> _Required action_: Using the listing below, output only the lines from the one that contains "Thanks for watching" through the one that contains "it's important to", inclusive, exactly as given and without images.

> _Source data_:
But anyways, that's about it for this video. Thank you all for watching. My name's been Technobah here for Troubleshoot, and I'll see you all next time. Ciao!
--
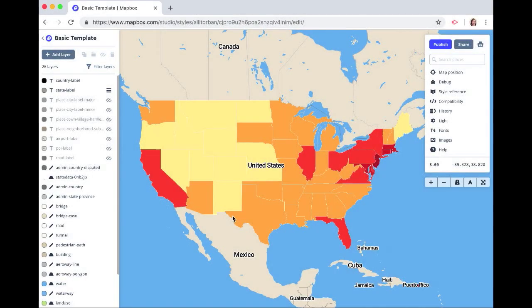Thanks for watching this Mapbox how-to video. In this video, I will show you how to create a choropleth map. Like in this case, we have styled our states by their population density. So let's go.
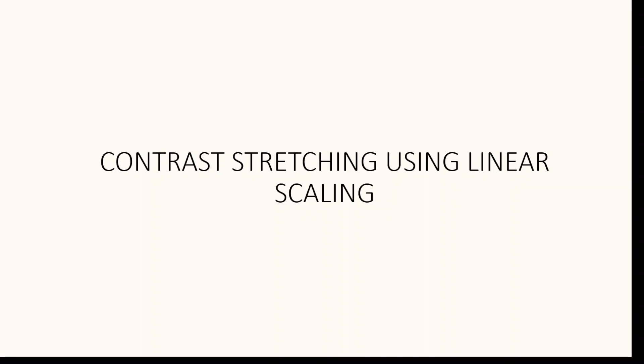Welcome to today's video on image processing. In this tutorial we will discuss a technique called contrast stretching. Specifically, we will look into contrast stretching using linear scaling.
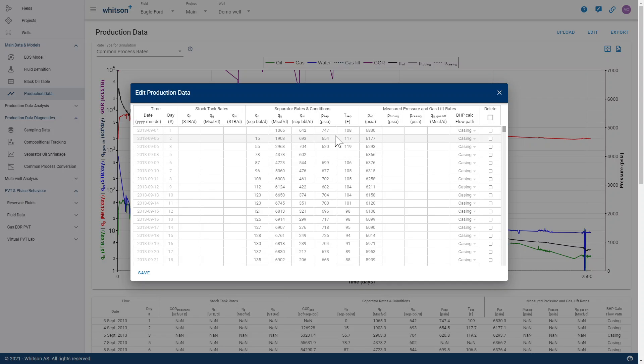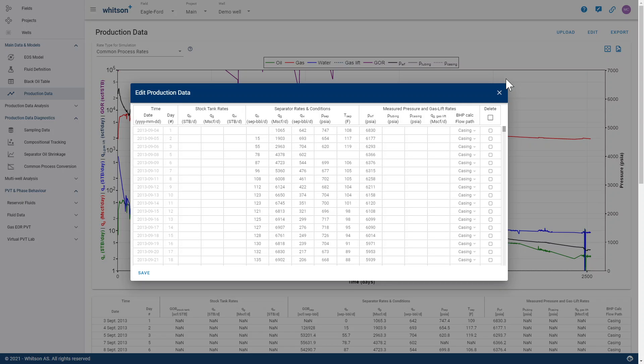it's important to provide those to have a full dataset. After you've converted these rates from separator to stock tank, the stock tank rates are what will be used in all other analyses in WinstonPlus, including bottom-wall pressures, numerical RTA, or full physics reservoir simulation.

> _Exercise answer_:
Thanks for watching this Mapbox how-to video. In this video, I will show you how to create a choropleth map. Like in this case, we have styled our states by their population density. So let's go.
Welcome to today's video on image processing. In this tutorial we will discuss a technique called contrast stretching. Specifically, we will look into contrast stretching using linear scaling.
it's important to provide those to have a full dataset. After you've converted these rates from separator to stock tank, the stock tank rates are what will be used in all other analyses in WinstonPlus, including bottom-wall pressures, numerical RTA, or full physics reservoir simulation.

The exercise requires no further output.